Spread over nine locations, the Documenta 12 was curated around the idea of a direct encounter with art-works so as to "free individual works from over-determined and over-determining, stale, identity-based perceptions". Envisioning a new model of inspired spectatorship, the curators had tried to construct a show that drew from an informal approach to cultural education. Was this a well-considered position or was it a way of legitimizing intellectual languor?
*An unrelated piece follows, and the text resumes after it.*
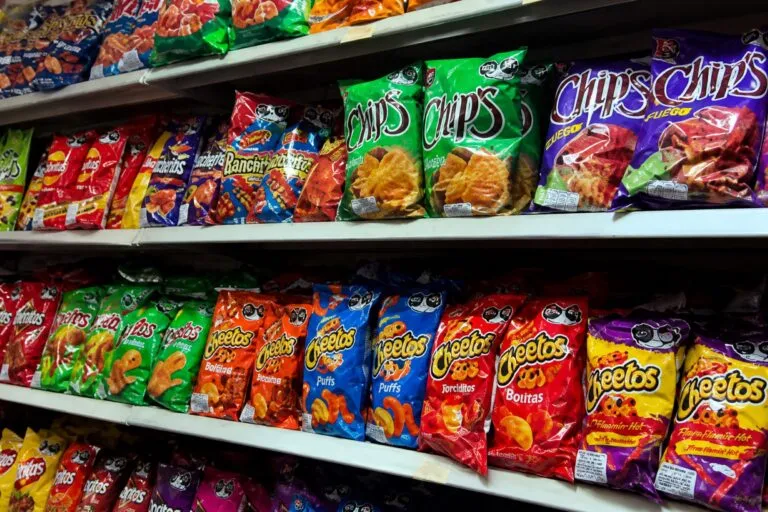 Alimentos en México declaran cero grasas trans pese a contenerlas en productos procesados de supermercado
Though the absence of detailed gallery-notes that generally go with the art - which set the context and discuss the quality of the artist's intervention - proved to be a great obstacle in responding substantially to the works on view, the curatorial gambit did lead to a model of appreciation and interaction which was both popular and democratic (Alas, it came with all the problems accompanying these categories).
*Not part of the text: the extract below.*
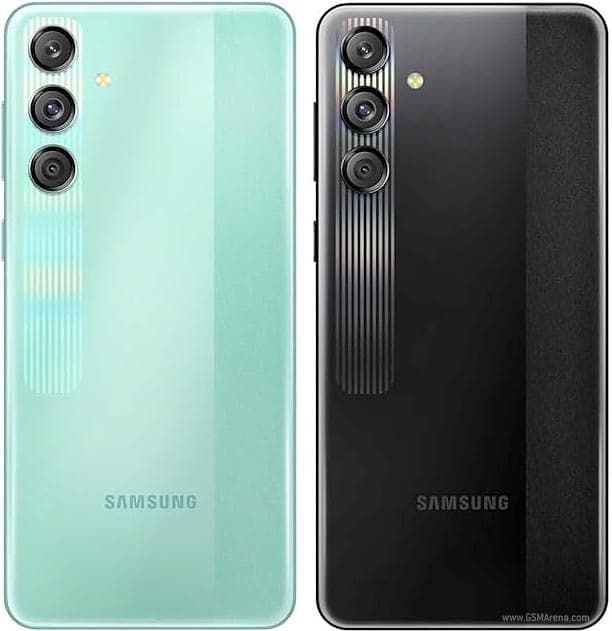 Galaxy M55s 2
The Schloss Wilhelmshohe, a neoclassical castle housing a museum with a superb collection of Rembrandts and Cranachs, showed, among other works, medieval lacquerwork panels and porcelains from China, Mughal miniatures, Company paintings, Kalighat paintings and calligraphic work by 16th century Persian Haddschi Maqsud At-Tabrizi, which recorded his journey to India. As an attempt at playing off diverse visual environments and expressive contexts, the experience yielded rich dividends - viewers could create rich maps of cultural influences and enrich and complement their world-views, Euro-centric or Post-colonial, whichever they might be.
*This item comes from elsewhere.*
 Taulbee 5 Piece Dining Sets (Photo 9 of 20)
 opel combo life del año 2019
Among the many exciting opportunities that an event like the Documenta holds out is the chance to play the role of a curator - as you move amongst the hundreds of works on display, you can mentally tick works that suggest their capacity to enter into intimate conversations, that enhance each other's presence by critically relating to shared concepts or processes by creating an enabling network of family resemblances (which as Wittgenstein tells us is as much about differences as about similarities). Sheela Gowda's exquisite installation in the Museum Fridericianum, And.,(2007), which had red meandering cords climbing up and looping down the wall and curving sinuously over the floor (in a room that had Atsuko Tanaka's Electric Dress (1956/86) and a seductively buffed but out-of-place John McCracken sculpture) spoke freely to Mira Schendel's sculptural tangle of knotted threads (Droguinha, 1966) installed in the Friedricanum. Would Gowda's piece choose to whisper to the video installation, Lovely Andrea (2007) by Hito Steyerl, which featured the artist's search for a Bondage picture, you asked yourself. You were quite sure though that it would want to engage with Trisha Brown's installation with trousers, T-shirts, skirts and sweaters that performers moved in and out of (Floor of the Forest, 2007). The 'migration of form' concept that the curators had proposed could lead you to make exciting connections between styles, materials, textures and content across indistinctly related histories and far-flung geographies but it could also make you come up with insensitive and under-imagined taxonomies. As the curator of the Documenta 11, Okwui Enwezor, observed in his piece in Artforum (September 2007), installing Kerry James Marshall's portraits of Black men (who had died in gang-wars or had 'vanished' mysteriously) under a 17th century painting featuring caricatured negroes in the Schloss Wilhelmshohe only managed to be counter-productive: it trivialised Marshall's critique of the apathy towards Blacks - their misrepresentation and under-representation in art and public life. There was a lesson to be learnt here about the wanton leaps of imagination that could land curators in hot waters.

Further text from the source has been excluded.